● Assigned task
Pictures stay out of the copy. Retype exactly the lines below from the one with "Wholesale Stainless Steel" through the one with "Americana Printed Layered Dangle Earrings".

● Records provided
-----

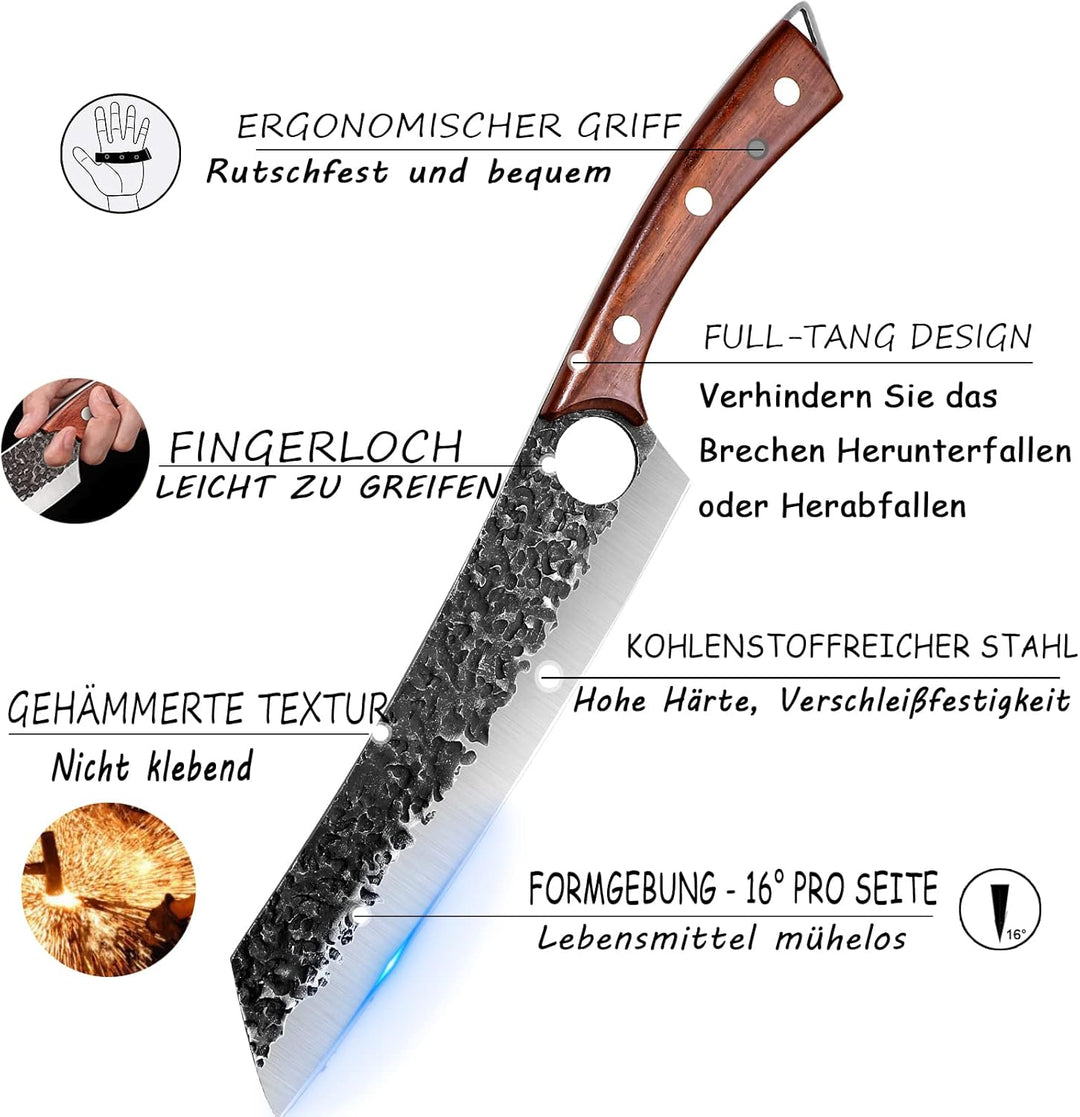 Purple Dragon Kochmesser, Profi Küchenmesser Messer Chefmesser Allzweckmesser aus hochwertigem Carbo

-----

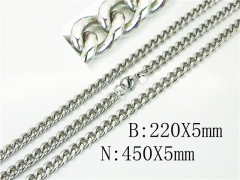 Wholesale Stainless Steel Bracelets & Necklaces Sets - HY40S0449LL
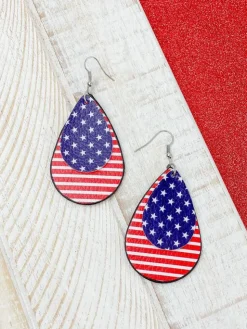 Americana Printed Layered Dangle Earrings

-----

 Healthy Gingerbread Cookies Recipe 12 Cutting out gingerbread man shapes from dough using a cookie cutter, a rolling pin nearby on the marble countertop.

-----

● Response
 Wholesale Stainless Steel Bracelets & Necklaces Sets - HY40S0449LL
 Americana Printed Layered Dangle Earrings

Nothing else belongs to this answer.